The end and the beginning

Posted on December 31, 2012

Categories: What Passes For Real Life, Writing

  Is the New Year rushing towards me, or am I hurtling towards it? Either way, I have the curious sense that I am traveling at some speed. Through my window I can see typical Welsh rain driving sideways across the hills and fields. The ground is waterlogged, so that there are white rapids racing down the slopes. I feel as if I am  being swept along on this rural flume ride, bumping over muddy divots and tussocks, snatching at the wiry grass as I go, incapable of slowing my speedy descent.


  I am, in fact, sitting snugly on my bed, shielded from the wild weather by the old but efficient double glazing between me and it, and not moving anywhere right now. So why do I feel so unstable and unsettled and ever-so-slightly panic-stricken? It is because there are only two days left of this year, and then the new one begins, like it or not. No amount of digging my heels in, or clinging soppily to good old 2012, will change the fact that tomorrow night is New Year's Eve, my least favourite date on the calendar.


  I know such trepidation is ridiculous. December will turn into January and this will signify the end of one year and the beginning of another only because the culture I was born into says so. The planets will continue to spin around each other as merrily as ever they have whether we glug champagne and sing Auld Langsyne or not. Winter will trudge on, the days slowly lengthening, until at last the grubby grey skies give way to blue and Spring steps lightly in to take over, regardless of how many of us renew our gym memberships or give up smoking. The shift from one year to another is a change only in counting, an alteration in the figure we use to number our passing time on this planet, nothing more.


  So why, then, do I feel so discombobulated? I never make New Year's resolutions (I resolved not to do so a decade ago) so I am not under self-inflicted pressure to give up or take up something, the doing of which is accompanied by the shadow of possible failure for as long as it lasts. Nothing like setting yourself up for likely disappointment to start a New Year off. Nor do I (yet!) fear the passing of the years. If I notice them at all it is in the growing of my children, and the increasing challenge their maths homework presents me. And I consider myself an optimist, so I cannot claim to be afraid of the future or wedded to the safely familiar past.


  No, if I'm honest, I know why it is I hate this arbitrary ending and beginning that we are compelled to mark and to notice. I can trace my growing loathing of the concept of New Year and its accompanying mix of nostalgia and enforced jollity back ten years or so to the point in my life when I came out of my own dusty closet and openly declared myself to be A Writer!


  For me a crucial aspect of writing novels is the rhythm of their creation. There are rhythms within rhythms. There is the fragile fluttering of a new idea, its little wings beating swiftly on the periphery of my imagination.

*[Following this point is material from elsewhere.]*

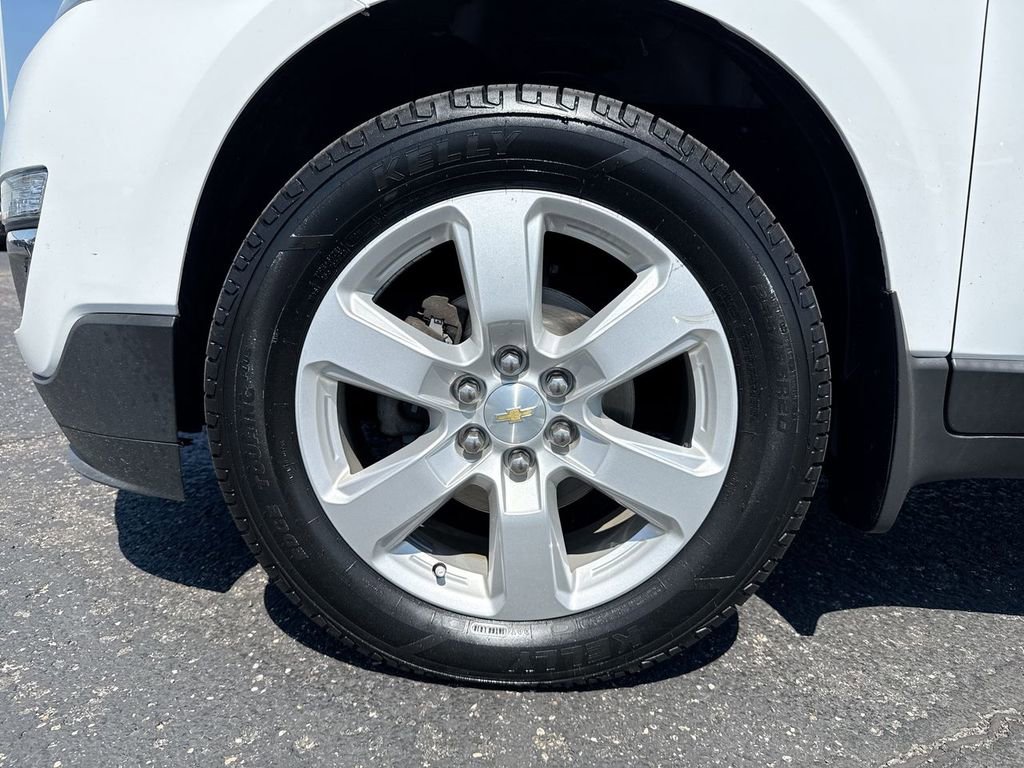 Used 2017 Chevrolet Traverse LT w/ Style and Technology Package FWD image 10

There is the Salsa beat of the first sketchy outline of a story, hurriedly scribbled, in biro, on paper, with much crossing out and doodles aplenty in the margins. There is the dull, regular thud of the plotting and organising stage, dogged and steady. Then there is the flowing canter of the actual writing, page after page, chapter after chapter, speeding to a thrilling gallop in the home straight. There is the stuttering ragged pulse of the editing process - a little trip forwards, a moment's circling, them a bound or two in the right direction once more. There is the blissful, calm repose, a slumbering giant's heartbeat, when the book is complete, but still safely hidden, not yet published, lovingly coddled and cosseted, snug and adored in the galleys. There follows the nervous jitter of the day of publication, like a divorcee on a blind date, effecting nonchalance, but fooling no-one. After that, well, after that cannot be known until we get there.

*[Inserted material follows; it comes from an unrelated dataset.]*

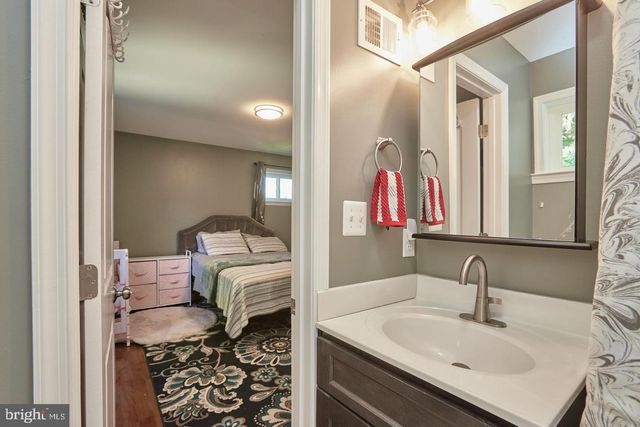 1007 VENICE DR, Silver Spring, MD 20904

  Into these natural, immutable rhythms come irritating but necessary interruptions in the form of deadlines. A horrid word. I prefer to see them as shining points on the path of my book, like golden stars collected on one of the prettier video games. There are deadlines (golden stars! golden stars!) for delivery of the manuscript; deadlines for the re-writes; deadlines for the copy edits and proofs; deadlines for cover copy; deadlines for extra material and photographs and acknowledgements and dedications and reading guides and outlines for the next book... none of which shine as brightly as my own self-imposed deadlines, which are always ahead of their corresponding 'real' ones by a small but comforting margin. I am accustomed to accommodating these pauses and halts in my work, taking care not to let them badly affect or (heaven forfend) stall permanently those vital creative rhythms.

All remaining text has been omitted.